Workers often confused about sharing economy income taxes, study finds
Research suggests that many people who earn money through on-demand platforms make errors in reporting or paying taxes, which can bring serious penalties.
For many people in Los Angeles, the sharing economy provides an important source of side or primary income. In 2014, over 2.5 million people throughout the United States used on-demand work platforms that are headquartered here in California, such as Lyft, Airbnb and Uber, to earn income, according to The Seattle Times. By 2020, experts project that an additional 7 million people will provide services and earn money through these platforms.
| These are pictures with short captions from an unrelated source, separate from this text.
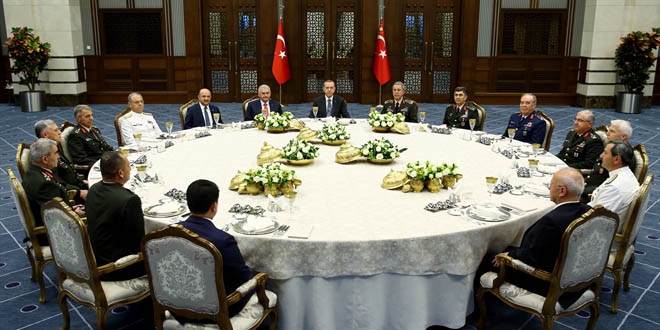 Cumhurbaşkanı Erdoğan'dan YAŞ üyelerine yemek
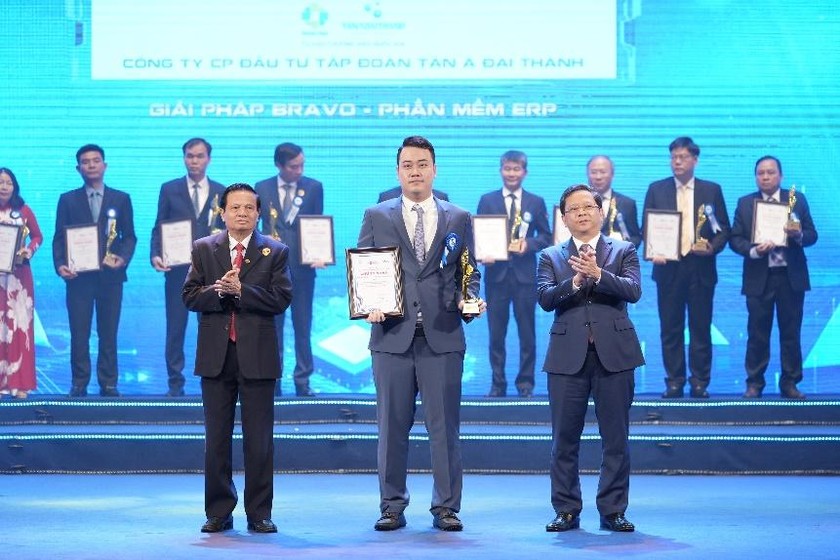 Ông Nguyễn Anh Tú - Phó Tổng giám đốc thường trực Tập đoàn Tân Á Đại Thành đại diện nhận giải thưởng Doanh nghiệp, đơn vị sự nghiệp chuyển đối số xuất sắc 2023. ảnh 1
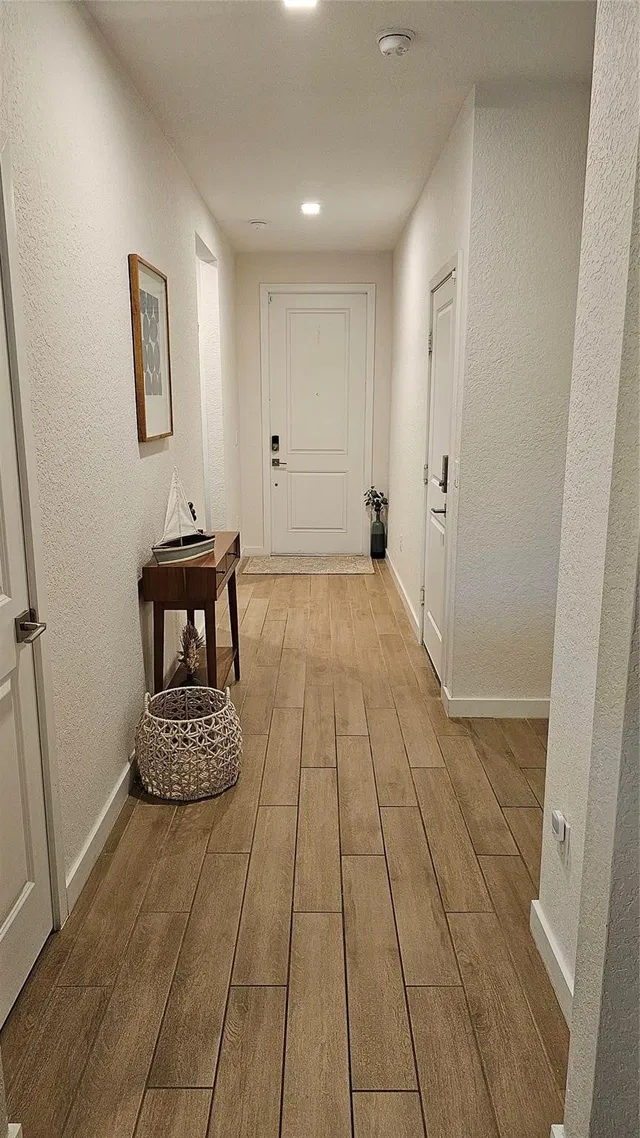 Residence photo 17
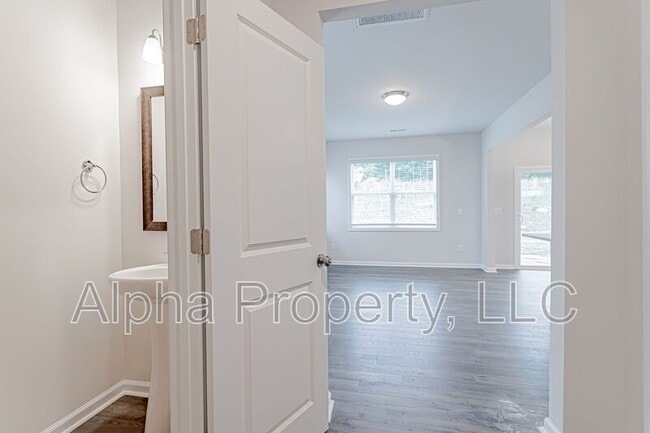 Photo - 25 Apricot Ln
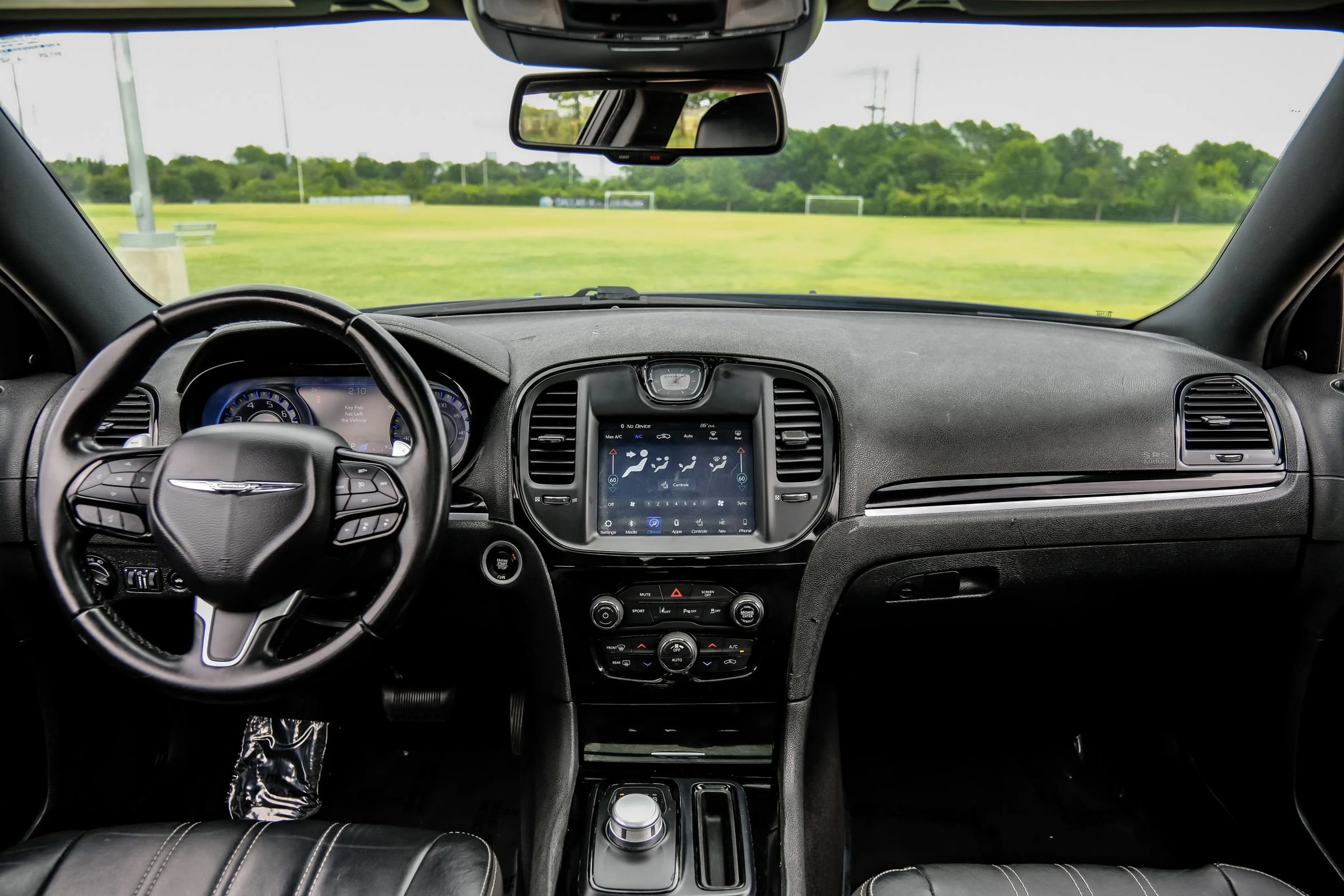 Used 2018 Chrysler 300 S w/ 300S Premium Group RWD image 18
Unfortunately, for many people, this novel source of income can cause confusion about tax liability. Recent research suggests that many sharing economy workers may be at risk for making mistakes in reporting their income and paying their taxes, which may lead to serious Internal Revenue Service tax penalties.
Income reporting issues
The study from American University, which used survey responses from 40,000 people who earn income through self-employment, found that sharing economy income often goes unreported and therefore untaxed. This may happen due to several factors, including the following:
- Lack of income tax withholding. Generally, the companies that run on-demand platforms do not withhold taxes from the money that they pay to their service providers.
- Confusion on the part of workers. Many of the surveyed individuals stated that they felt uncertain about the necessity of reporting sharing economy income or the correct method of doing so.
- Absence of 1099-K forms. Less than one-third of the surveyed workers received a formal yearly earnings statement from the company running the platform.
Under current IRS guidelines, companies that operate on-demand platforms and take payments via credit card do not always have to report a service provider’s income. A person must complete over 20 transactions through the platform and earn at least $20,000 before the company must send a 1099-K form. Consequently, many sharing economy workers may not even know exactly how much income they need to report and pay taxes on.
People who fail to report all of their income or pay appropriate taxes may face various serious consequences. For example, when a person’s income is understated unintentionally, the IRS may assess a penalty of 20 percent of the unreported amount. If the IRS finds that under-reporting is fraudulent, it may claim a penalty of 75 percent of the unpaid amount. Additionally, workers may be at risk for penalties on back taxes or missed estimated tax payments.
The Fiscal Times notes that the IRS has recently acknowledged the difficulties that sharing economy workers may face in understanding their tax liability. To address this issue, the organization has launched a new website containing resources to help these workers familiarize themselves with the relevant laws. Still, people who are not aware of this resource or the unique issues associated with their income may continue to make mistakes.
Anyone who faces IRS audits or penalties as a result of accidentally under-reporting income or failing to pay taxes should consult with a tax attorney about options for resolving the matter.